“Testing for Idiosyncratic Treatment Effect Heterogeneity." (Link here)
Abstract: This paper provides asymptotically valid tests for the null hypothesis of no treatment effect heterogeneity. Importantly, I consider the presence of heterogeneity that is not explained by observed characteristics, or so-called idiosyncratic heterogeneity. When examining this heterogeneity, common statistical tests encounter a nuisance parameter problem in the average treatment effect which renders the asymptotic distribution of the test statistic dependent on that parameter. I propose an asymptotically valid test that circumvents the estimation of that parameter using the empirical characteristic function. A simulation study illustrates not only the test’s validity but its higher power in rejecting a false null as compared to current tests. Furthermore, I show the method’s usefulness through its application to a microfinance experiment in Bosnia and Herzegovina. In this experiment and for outcomes related to loan take-up and self-employment, the tests suggest that treatment effect heterogeneity does not seem to be completely accounted for by baseline characteristics. For those outcomes, researchers could potentially try to collect more baseline characteristics to inspect the remaining treatment effect heterogeneity, and potentially, improve treatment targeting.

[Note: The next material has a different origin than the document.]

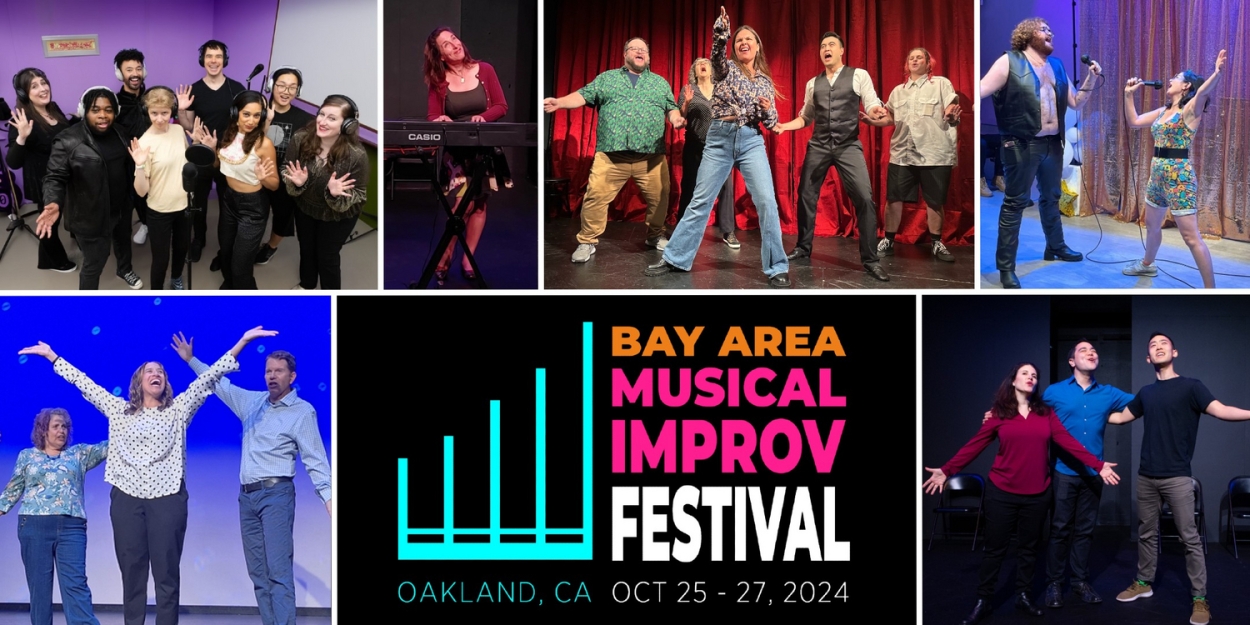 New Festival Features Three Days Of Musical Improv Shows  Image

“At What Level Should One Cluster Standard Errors in Paired and Small-Strata Experiments?" (with Clément de Chaisemartin). Revision requested by the American Economic Journal: Applied Economics. (Link here)
Abstract: In paired experiments, units are matched into pairs, and one unit of each pair is randomly assigned to treatment. To estimate the treatment effect, researchers often regress their outcome on a treatment indicator and pair fixed effects, clustering standard errors at the unit-of-randomization level. We show that the variance estimator in this regression may be severely downward biased: under constant treatment effect, its expectation equals 1/2 of the true variance. Instead, we show that researchers should cluster their standard errors at the pair level. Using simulations, we show that those results extend to stratified experiments with few units per strata.